Green roofs help prevent stormwater runoff, mitigate heat island effects, conserve energy, create wildlife habitat, and improve the aesthetic environment.
Stokes Hall had a green roof installed in October 2008. The 5,700 square foot roof is planted with six varieties of drought-resistant sedums.
Kim and Tritton Halls also have green roofs totaling 17,046 square feet. Drought-tolerant grasses and succulents grow in six inches or less of growing medium for support, and need no additional irrigation and little to no maintenance.
There are 8.65 acres of meadow on campus in two distinct areas. One lies above Duck Pond, toward the heart of campus, and one is in the Pinetum, over toward Haverford Road. These areas are cleared once per year, and are a hub of insect and bird activity.

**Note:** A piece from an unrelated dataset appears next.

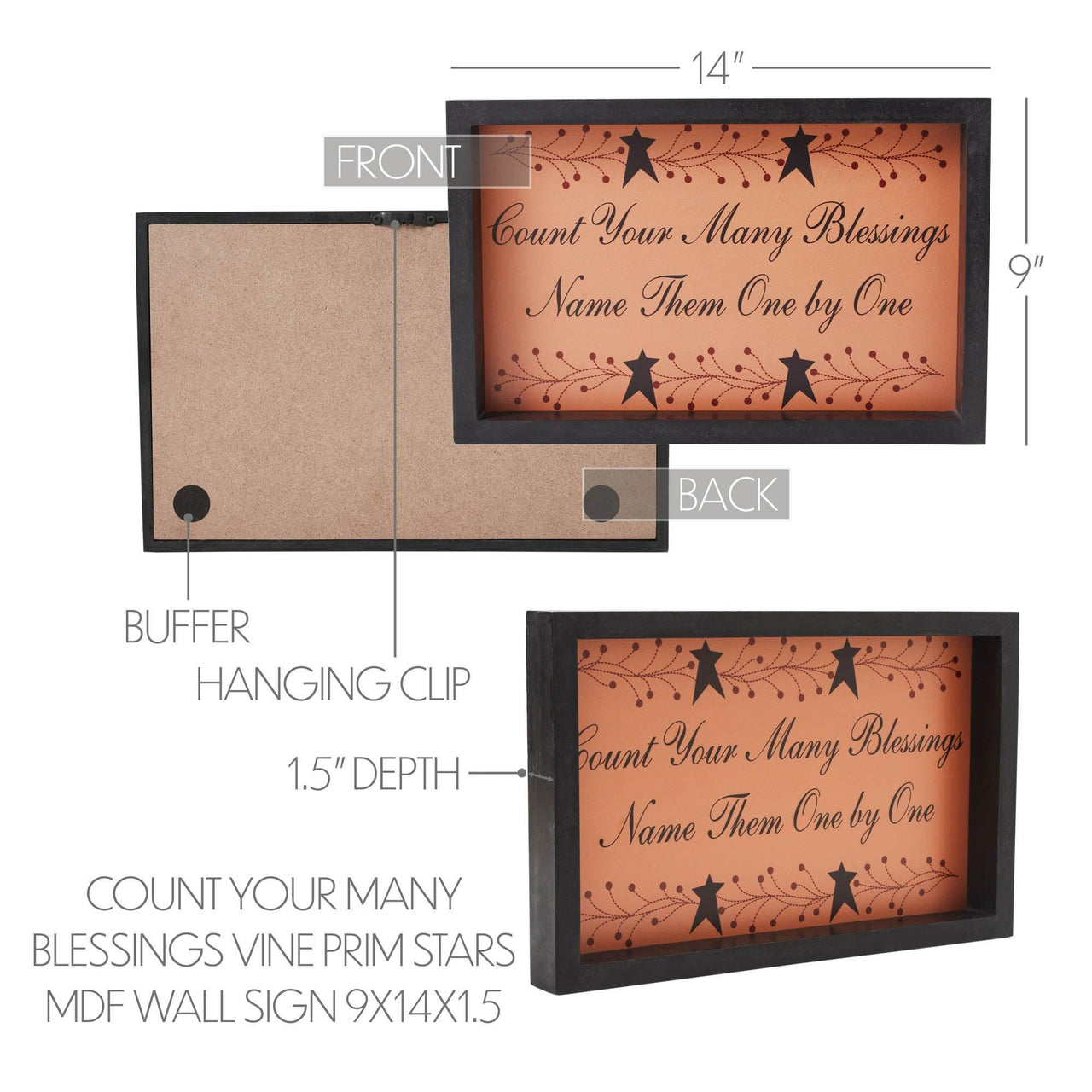 Count Your Many Blessings Vine Prim Stars MDF Wall Sign 9x14x1.5 - The Fox Decor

The 10 acres around the Duck Pond is a certified Penn State Pollinator garden. Several thousand native plants were installed over a period of five years, and the pond provides a continuous source of water. Portions of the meadow are left as-is during the winter months, and together with downed trees and branches provide habitats for a variety of species. Invasives are controlled by selective mowing. No pesticides are used.
KINSC Boulder Hill
The hill behind the Koshland Integrated Natural Science Center is filled with native plants that combat erosion. Created in 2003, Boulder Hill was planted with native trees and shrubs. Minimally maintained, it has been allowed to follow natural succession and is a hub of insect and bird activity. It, along with the garden in front of adjacent Hilles Hall, are not to be missed during your Arboretum tour.
The Haverfarm is a year-round farming and educational space designed to integrate sustainable food and agriculture into the academic and extracurricular lives of Haverford students, faculty, staff, and community members. With a focus on interdisciplinary and experiential learning, the Haverfarm invites students and other members of the community to engage with issues of food justice and local, progressive agriculture. Produce is distributed to students, community members, the Dining Center, and local food banks.
The campus has hosted community gardens for a century. So-called “war gardens” were created on Merion Field (between the Duck Pond and Lancaster Avenue) during WWI. “Victory gardens” were installed during WWII in the community garden’s current location behind the Facilities Department located south of the South Parking Lot.
1 College Circle
The president’s house is planted with species native to southeastern Pennsylvania and is dedicated to Louise Tritton, wife of former Haverford president Tom Tritton (1997-2007).
Cope Cricket Field
Located at the top of the gentle hill that rises from the Duck Pond toward the heart of campus, Cope Cricket Field is maintained organically following NOFA Guidelines. This includes core aerifying, adding compost, organic fertilizers, overseeding and several applications of compost tea. No pesticides are used.